=== Work task ===
Starting at the first entry below, repeat all the data word for word and drop the pictures.

--- Extracted information Enclosed Below ---

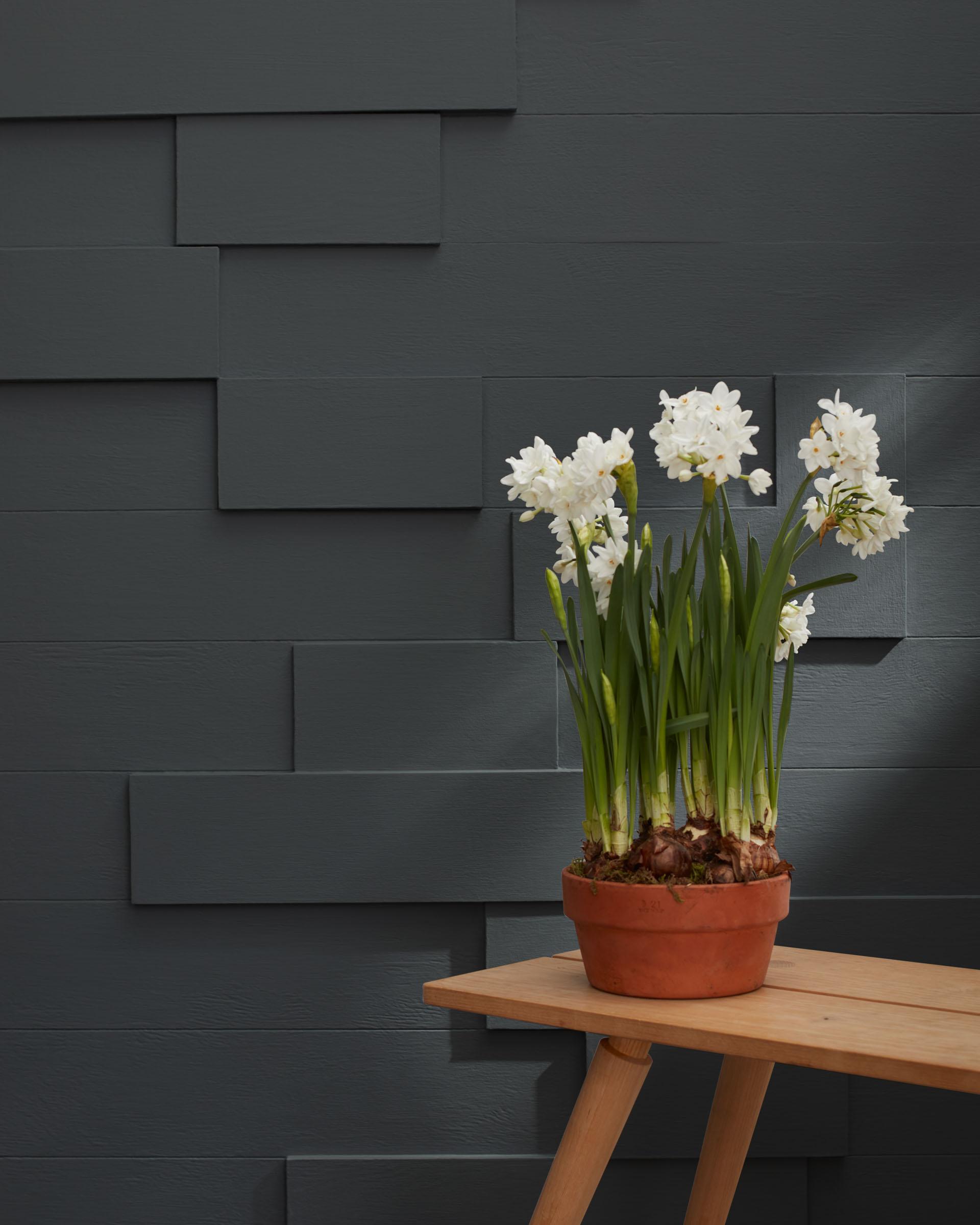 Graphite 1603 — Ver la foto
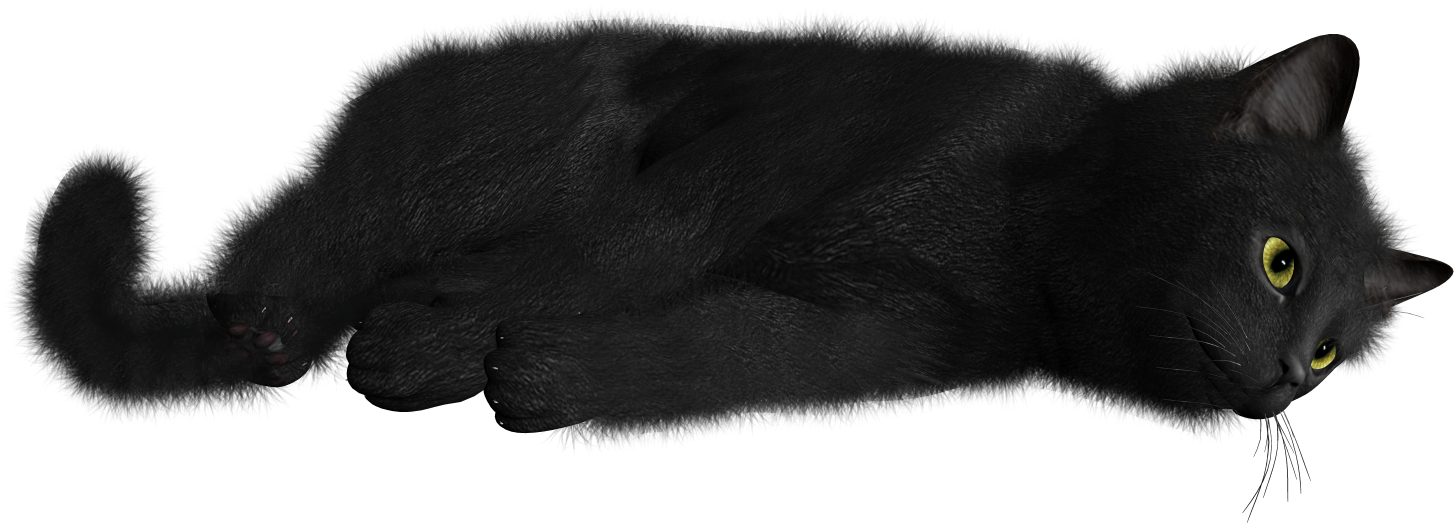 Black Cat Clipart Transparent - Cat (1600x1520)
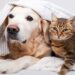 es de gran beneficio esterilizar las mascotas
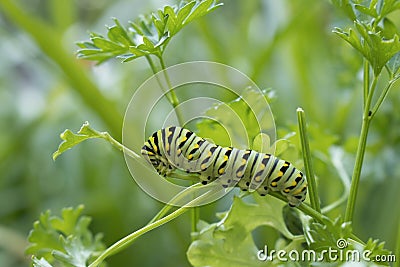 Future Swallowtail Butterfly Stock Photo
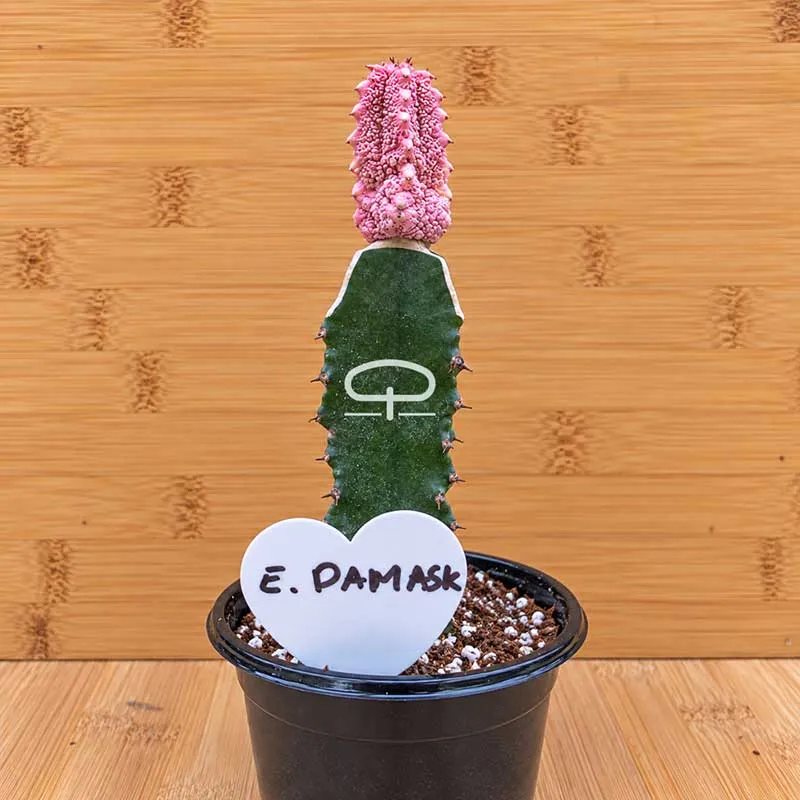Euphorbia abdelkuri Damask plant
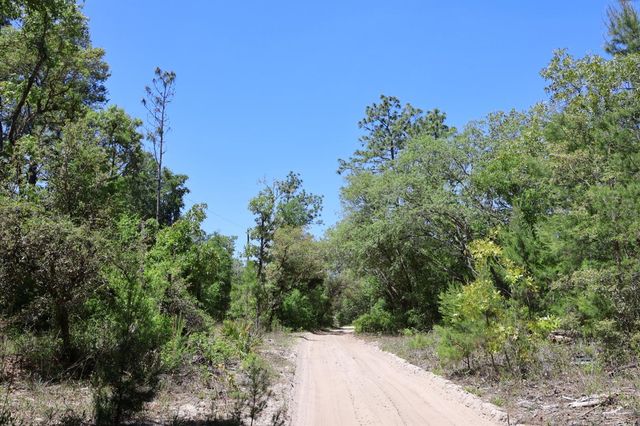 TBD SW 157TH LANE, Dunnellon, FL 34432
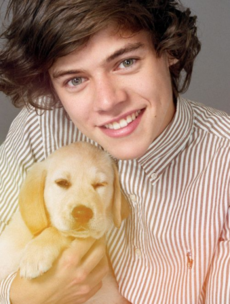 One Direction wearing jumpers and holding puppies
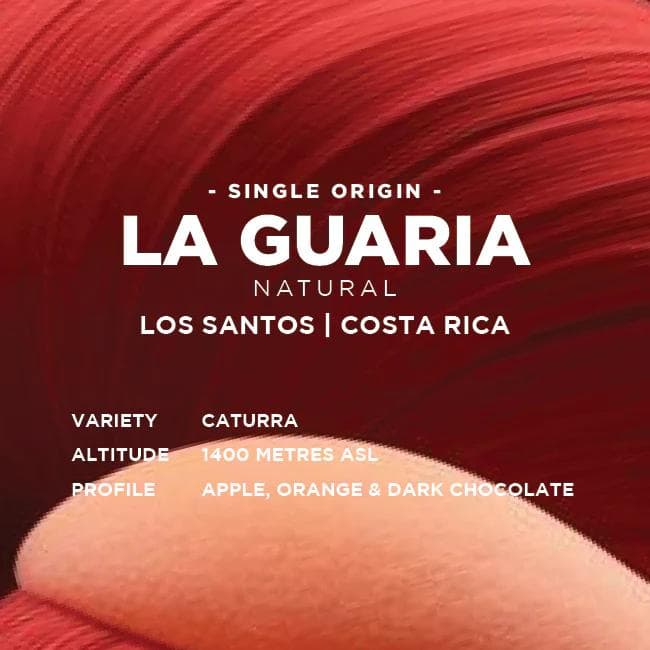 Image of Costa Rica: La Guaria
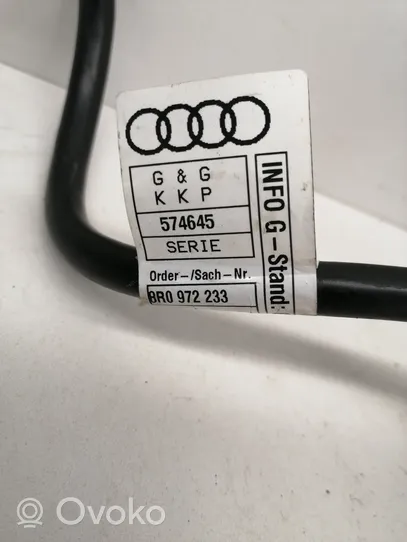 Audi Q5 SQ5 Минусовый провод (аккумулятора) 8R0972233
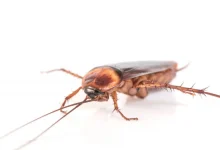 Baratas: segredos para sobreviver em qualquer lugar. Descubra como elas voam, dormem em segurança e resistem à fadiga com um sistema respiratório e nervoso extremamente eficientes.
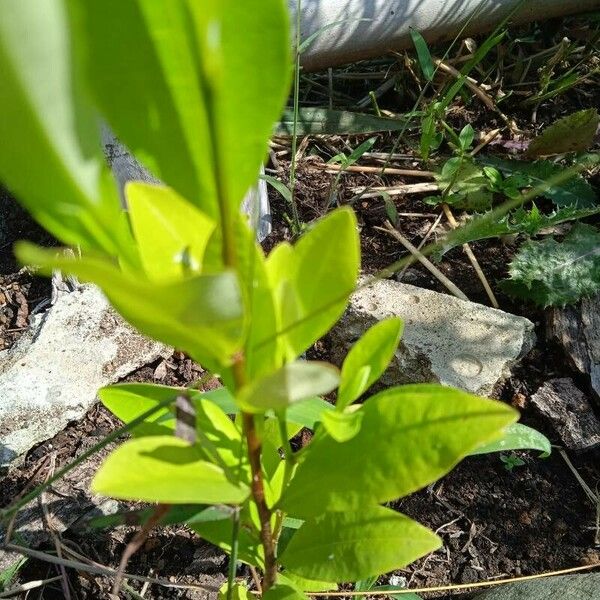 Erythroxylum coca Blad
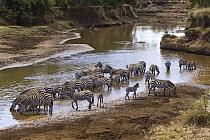 Group of Grant's Zebras {Equus quagga boehmi} drinking at waterhole, Masai Mara, Kenya.
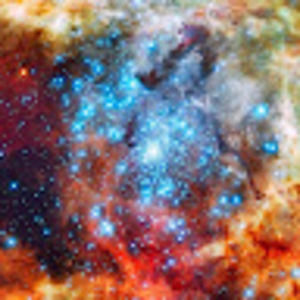 Meet your Posher, Jay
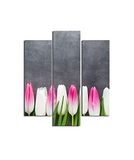 Homemania Wandafbeelding, 3 stuks, natuur, voor woonkamer, slaapkamer, meerkleurig, 57 x 0,3 x 60 cm, HM203MDF39, MDF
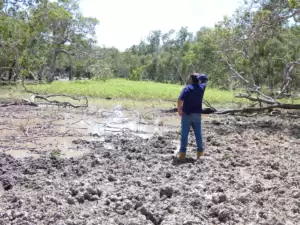 land-management-gallery-10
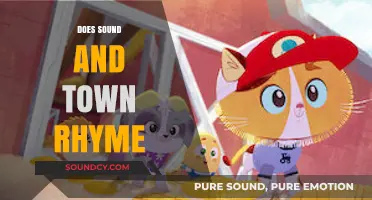 Does Sound and Town Rhyme? Exploring Homophones in Everyday Language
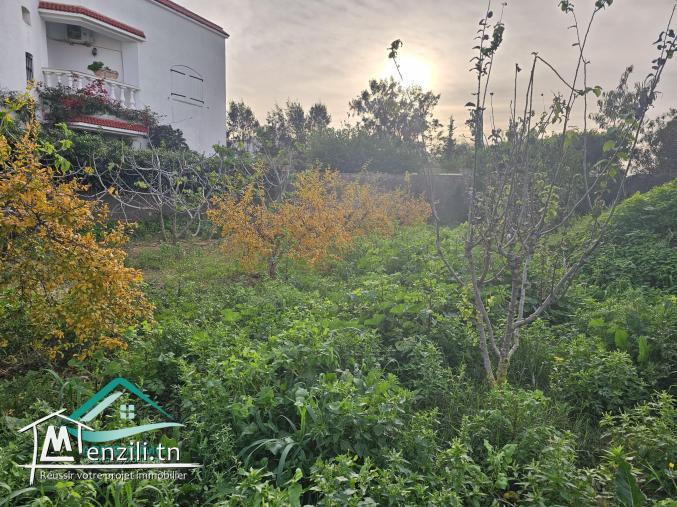 Terrain d’habitation 244 m² à petit paris Kelibia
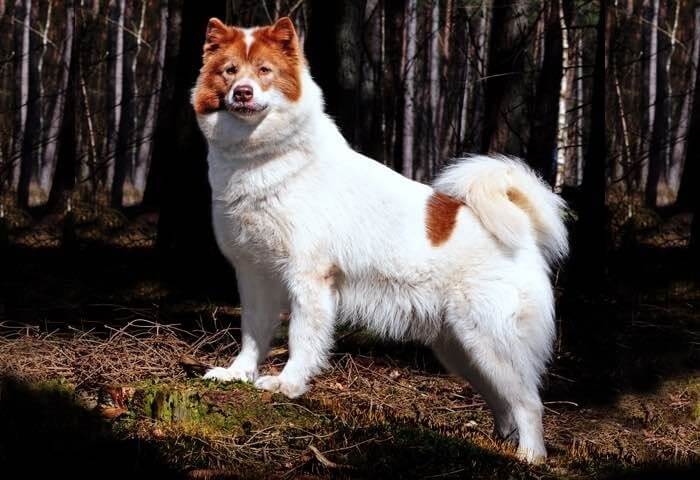 สุนัขเอสกิโมแคนาดา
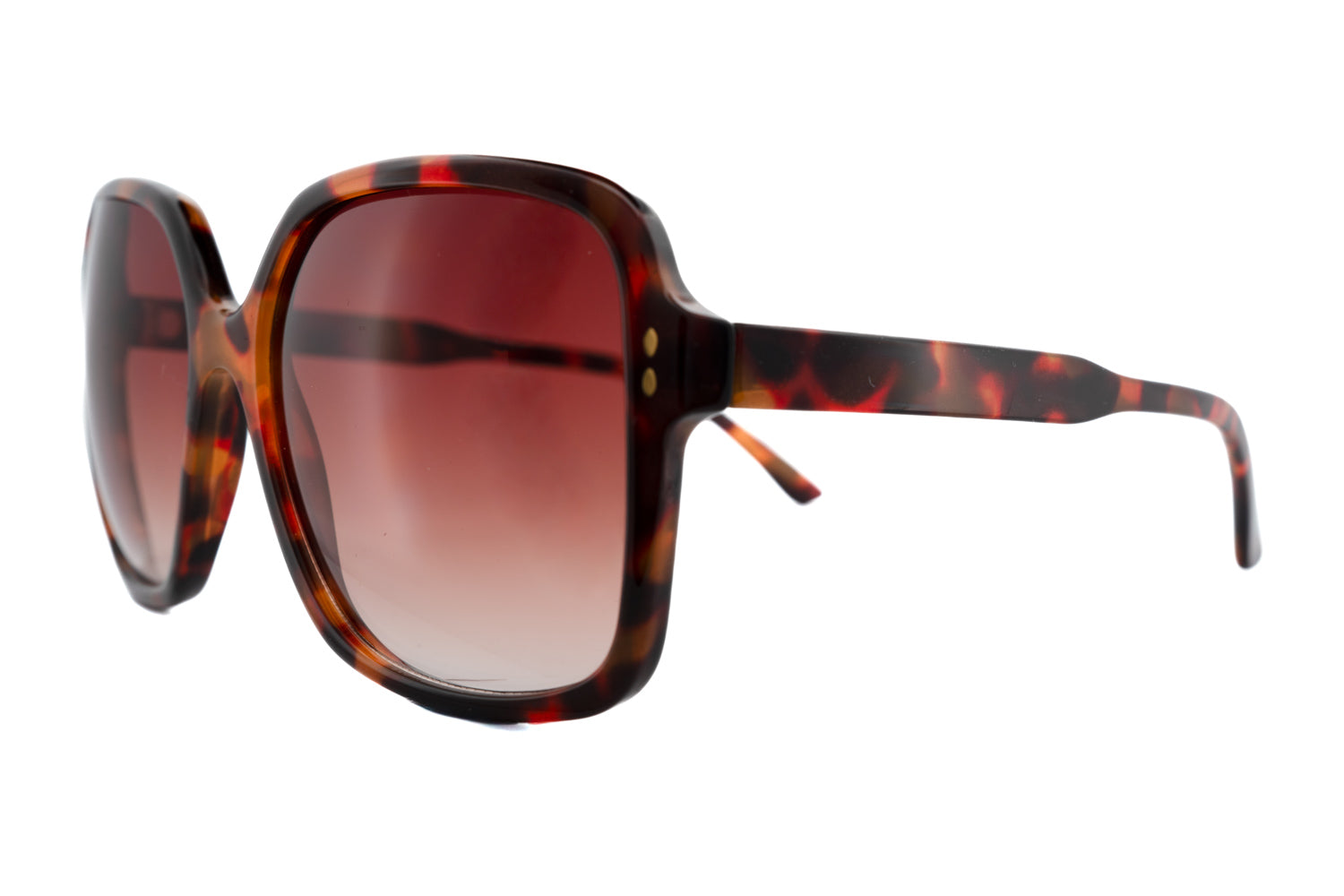 Tortoise / Black
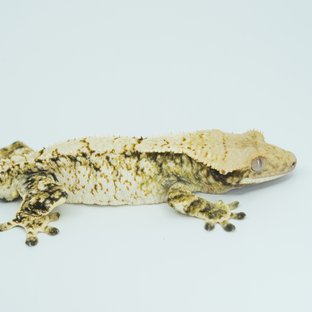 Tri Extreme Harlequin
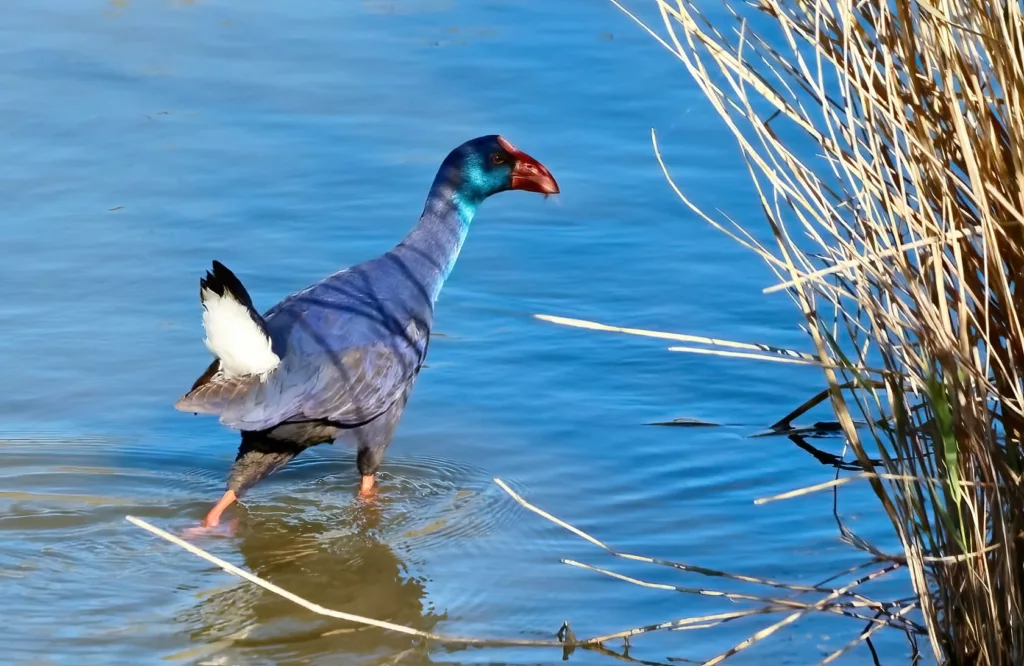 Talève sultane observée dans les roselières de Camargue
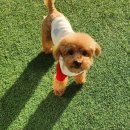 도그아레아 이미지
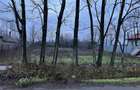 Teren intravilan 1700m2 24ml deschidere la strada astfalta , centru comuna Florica, jud.Buzau 1360 - 5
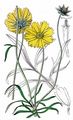 Large-Flowered Tickseed - Coreopsis grandiflora Sweet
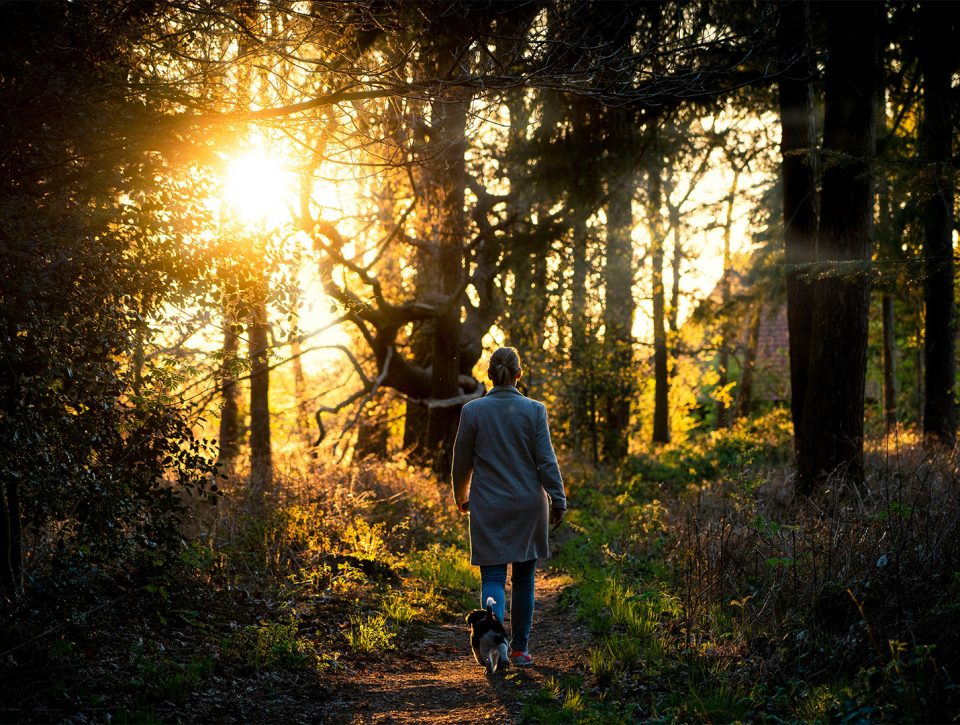 BOGS en Zorgwol tijdens het wandelen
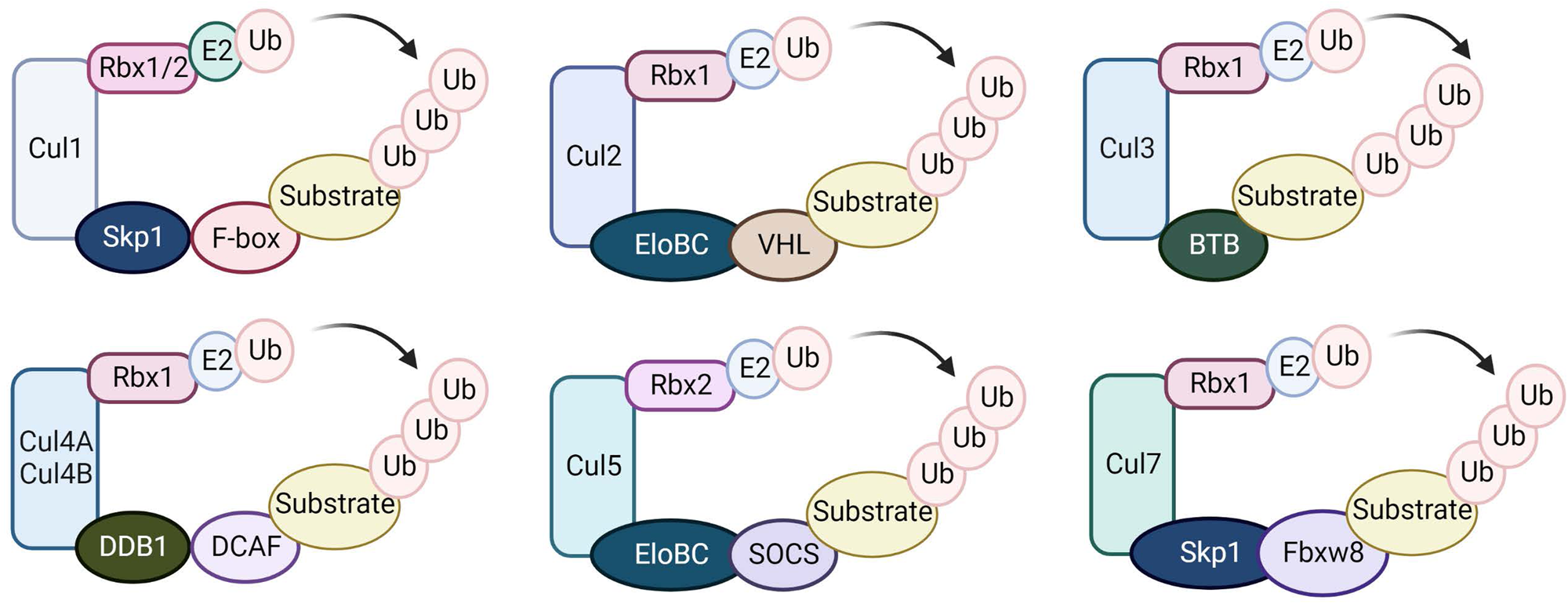 Fig. 2: The Cullin-RING E3 ligase family.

--- End of Enclosed Extracted information ---

=== Answer space ===
 Graphite 1603 — Ver la foto
 Black Cat Clipart Transparent - Cat (1600x1520)
 es de gran beneficio esterilizar las mascotas
 Future Swallowtail Butterfly Stock Photo
Euphorbia abdelkuri Damask plant
 TBD SW 157TH LANE, Dunnellon, FL 34432
 One Direction wearing jumpers and holding puppies
 Image of Costa Rica: La Guaria
 Audi Q5 SQ5 Минусовый провод (аккумулятора) 8R0972233
 Baratas: segredos para sobreviver em qualquer lugar. Descubra como elas voam, dormem em segurança e resistem à fadiga com um sistema respiratório e nervoso extremamente eficientes.
 Erythroxylum coca Blad
 Group of Grant's Zebras {Equus quagga boehmi} drinking at waterhole, Masai Mara, Kenya.
 Meet your Posher, Jay
 Homemania Wandafbeelding, 3 stuks, natuur, voor woonkamer, slaapkamer, meerkleurig, 57 x 0,3 x 60 cm, HM203MDF39, MDF
 land-management-gallery-10
 Does Sound and Town Rhyme? Exploring Homophones in Everyday Language
 Terrain d’habitation 244 m² à petit paris Kelibia
 สุนัขเอสกิโมแคนาดา
 Tortoise / Black
 Tri Extreme Harlequin
 Talève sultane observée dans les roselières de Camargue
 도그아레아 이미지
 Teren intravilan 1700m2 24ml deschidere la strada astfalta , centru comuna Florica, jud.Buzau 1360 - 5
 Large-Flowered Tickseed - Coreopsis grandiflora Sweet
 BOGS en Zorgwol tijdens het wandelen
 Fig. 2: The Cullin-RING E3 ligase family.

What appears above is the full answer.